- Directed by: S. P. Muthuraman
- Screenplay by: Panchu Arunachalam
- Story by: R. Selvaraj
- Produced by: S. Baskar
- Starring: R. Muthuraman Sivakumar Jayachitra Vidhubala
- Cinematography: Babu
- Edited by: R. Vittal
- Music by: Vijaya Bhaskar
- Production company: Vijayabaskar Films
- Release date: 4 October 1974;
- Running time: 128 minutes
- Country: India
- Language: Tamil

= Engamma Sapatham =

1974 film by S. P. Muthuraman

Engamma Sapatham is a 1974 Indian Tamil-language film, directed by S. P. Muthuraman. The film stars R. Muthuraman, Sivakumar, Jayachitra and Vidhubala. It was released on 4 October 1974. The film was remade in Telugu as Ammayila Sapatham (1975) and in Kannada as Vasantha Lakshmi (1978). The core plot of the 1994 Tamil film Vanaja Girija bore resemblance to the storyline of this film.

==Production==
After Anbu Thangai, Muthuraman and Guhanathan were in search of a story for their next film. They listened to scripts from various screenwriters but none of them impressed them, they decided to approach Panchu Arunachalam who asked for two days time to complete the script. R. Selvaraj who was Arunachalam's assistant at that time suggested to handle revenge story in a lighter vein which impressed Arunachalam and wrote a screenplay which became Engamma Sapatham. The film began production in 5 April 1974 at Karpagam Studios. Sivaji Ganesan clapped the shot while A. C. Thirulokachandar switched on the camera.

== Soundtrack ==
The music was composed by Vijaya Bhaskar.

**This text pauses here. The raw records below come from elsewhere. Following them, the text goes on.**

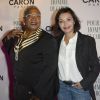 Firmine Richard et Saïda Jawad lors de la soirée des 80 ans du parfum Pour Un Homme de Caron, au Théâtre du Renard, à Paris, le 9 octobre 2014.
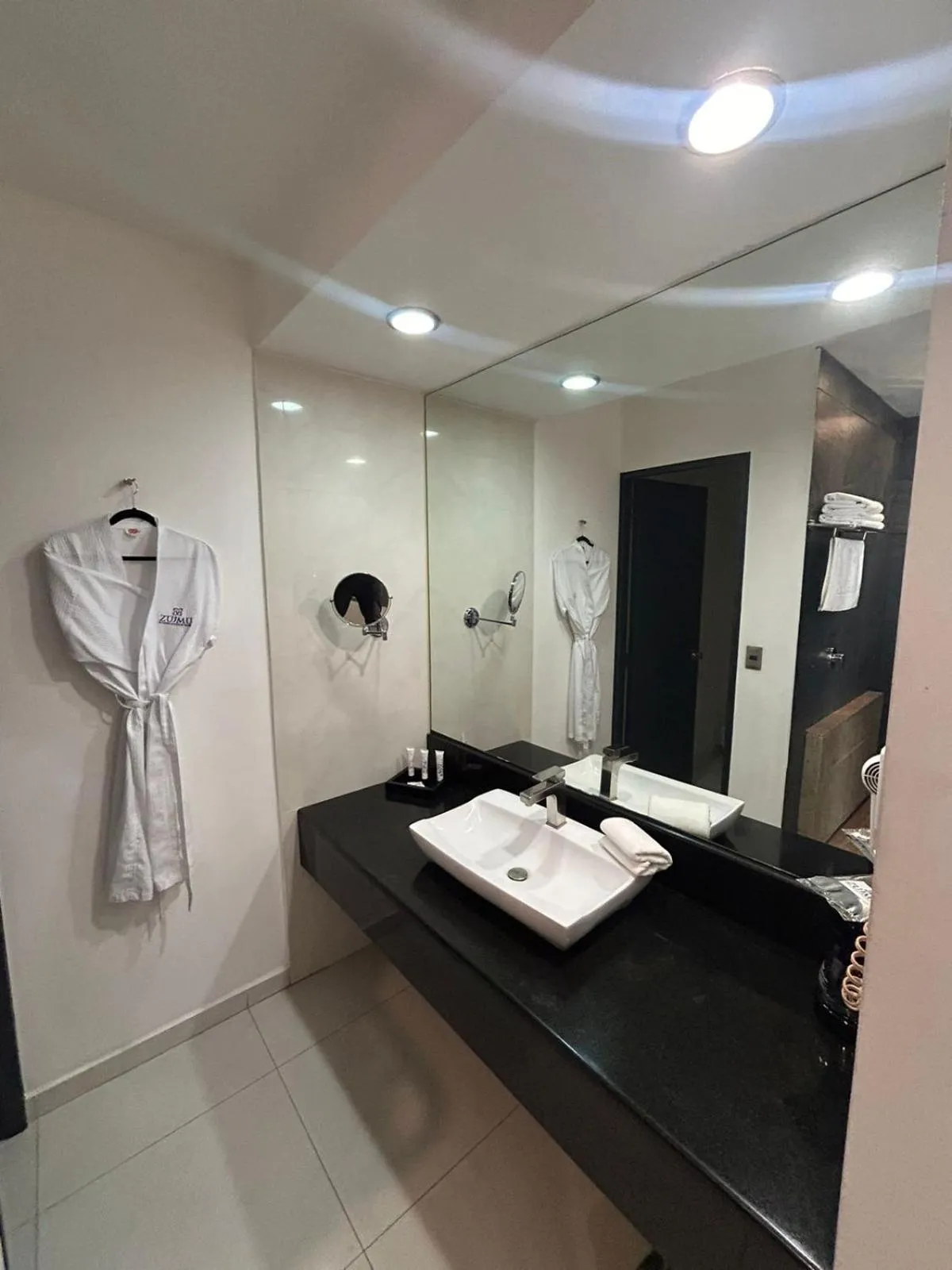 Shower in Zújmú Business Boutique Hotel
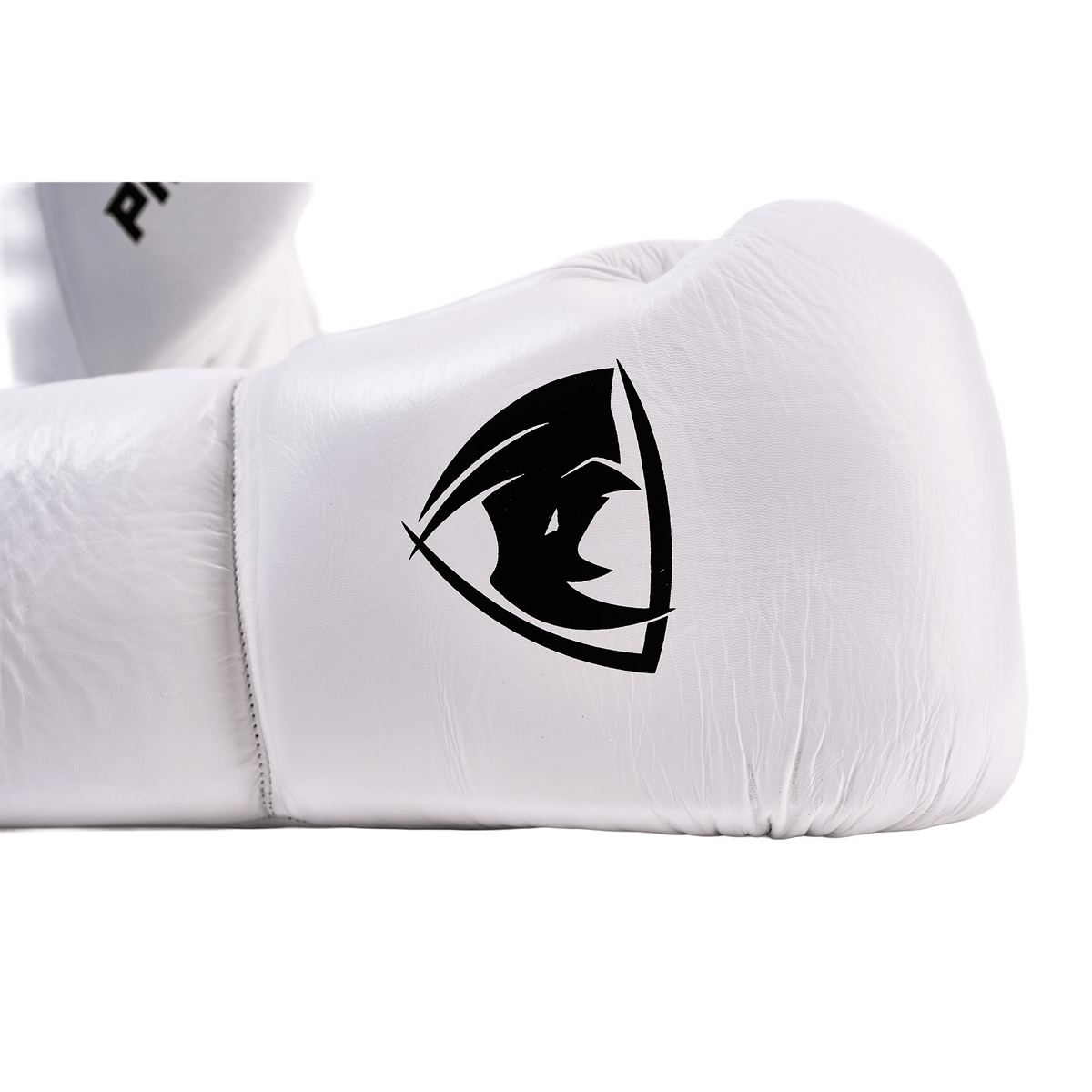 PROLAST PG professional lace-up boxing gloves in Columbian white, close-up of the black rhino logo on the lying glove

Vijaya Bhaskar later reused the tune of the song "Anbu Megame" in the Telugu remake "Ammayila Sapatham" as "Neeli Meghamaa" and in the Kannada remake Vasantha Lakshmi (1978) as "Belli Modave".

| Song | Singers | Lyrics |
| "Ennaiya Mulikare" | L. R. Eswari | Panchu Arunachalam |
| "Anbu Megame" 1 | Vani Jairam | Kannadasan |
| "Anbu Megame" 2 | Vani Jairam, S. P. Balasubrahmanyam |
| "Ilamai Azhaikindrathu" | T. M. Soundararajan, P. Susheela, Vani Jairam, S. P. Balasubrahmanyam | Panchu Arunachalam |
| "Unakkum Enakkum" | L. R. Anjali |

==Reception==
Kanthan of Kalki called it a film whose story structure seems to have vowed to lower the quality of the film world.